Expired VPN certificate

The other day we had an issue at our company headquarter. Suddenly almost all VPN tunnels went down.

I started investigating and noticed that the down tunnels had something in common. They were tunnels between two gateways managed by the same management server.


That led me to check the certificate used for VPN and alas, it turned out it had expired.

I renewed it and after pushing a policy, all tunnels came back up again.


It is a bit scary that this certificate expires once every 5 years, and when doing so can cause major issues.

So how do Check Point warn the administrator that this is about to happen?


Well first off, if you do not regulary push policy to the cluster you will not be warned at all, as any warning only appears after pushing policy in SmartDashboard.

But lets say you do push policy regulary to the cluster, how does it look?

It depends if you are using R80, or R77.


R77:

When you push policy you will have a clear message that there are warnings after pushing. These warnings usually include service objects overlapping etc, but also if the certificate is about to expire within something like 30 or 90 days.


R80

Here the policy installation will minimize and you will not see warnings unless you open the policy installation window.

If you only look at the small icon on the lower left corner after installation you might think there are no warnings, as none are shown. But that is because that icon does not display any info about warnings.

To see this you need to click "Details" and only then would you see if there were any warnings.

There will be a tiny spec of orange color next to the cluster object in the policy installation dialog showing this.

After expanding that section you might need to click "Show more" to show this warning. In R80 it is not severity: warning but instead severity: informational for some reason.



So to summarize, not easy to know this will happen, it will happen every five years, and it will probably cause a lot of issues.

So what is the solution? Well, to monitor the gateway with Indeni of course.

Indeni checks the expiration of all certificates on the gateway, ranging from VPN to SIC and warns before they expire.

Agreed, this is one of the things that won me over about Indeni too.
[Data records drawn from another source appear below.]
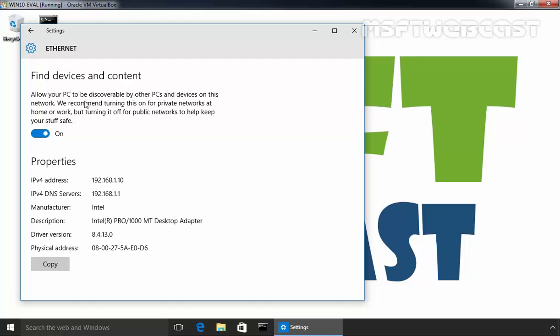The Find Devices and Content section will tell you that you can allow your PC to be discoverable by other PCs and devices on this network. We recommend turning this on for private networks at home or work but turning it off for public networks to help keep your stuff safe.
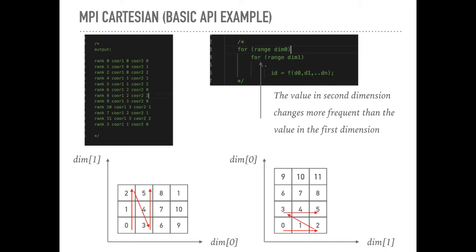And in the other case, which is shown on the right figure, the rank value will increase according to the horizontal direction. So, the dimension with the larger index value will increase more frequently. That is a really important thing here.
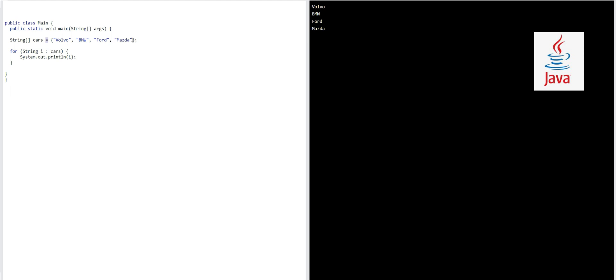I can add one and another one. For example, I add Toyota, right? I can add Kia, right? Okay, so now we have one, two, three, four, five, six.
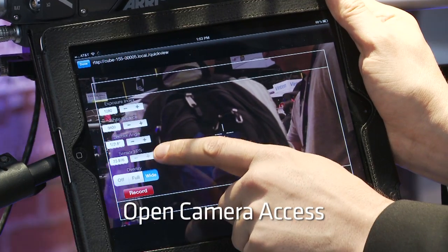Hi, my name is J.D. Vandenberg and I'm a Workflow Integration Engineer at ARRI, and today I will talk to you about a new initiative that we just started called the Open Camera Access.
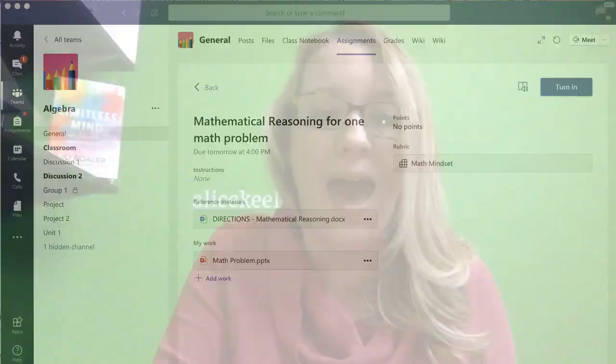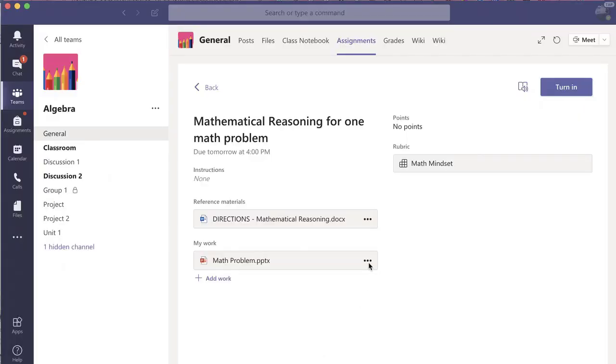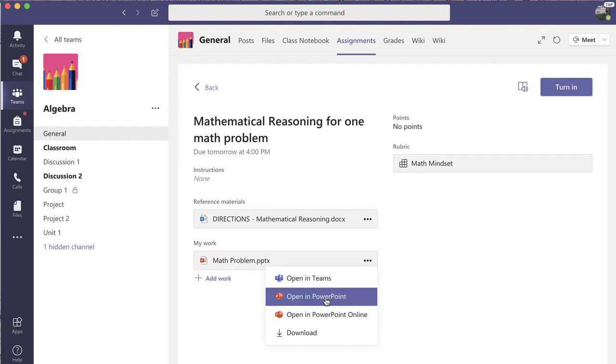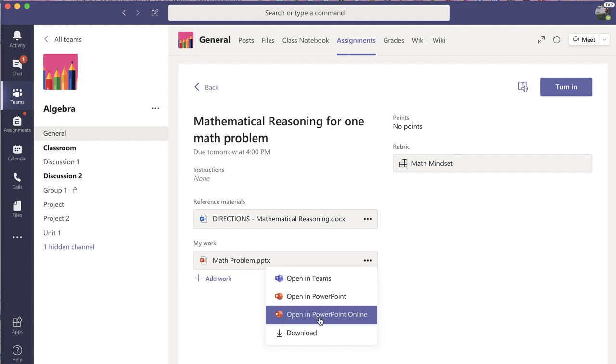What more options do I have? In this case, the three dots allows me to open it in Teams, open it in PowerPoint, open it in PowerPoint Online, or download it. Lots of ways to access the information with those More Options.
Certificate management in general is a tricky things since it typically involves more than one or two groups (admin, engineers, procurement, etc). These are the kinds of things that lurk silently in the background and for something so simply addressed can cause a complete outage if no proactive action taken. Who puts a 5 year reminder in their calendar to check all certificates for each firewall? And to your point Johnathan, as much as it's not best practice to ignore, it's far too easy to get into a habit of ignoring policy install warnings.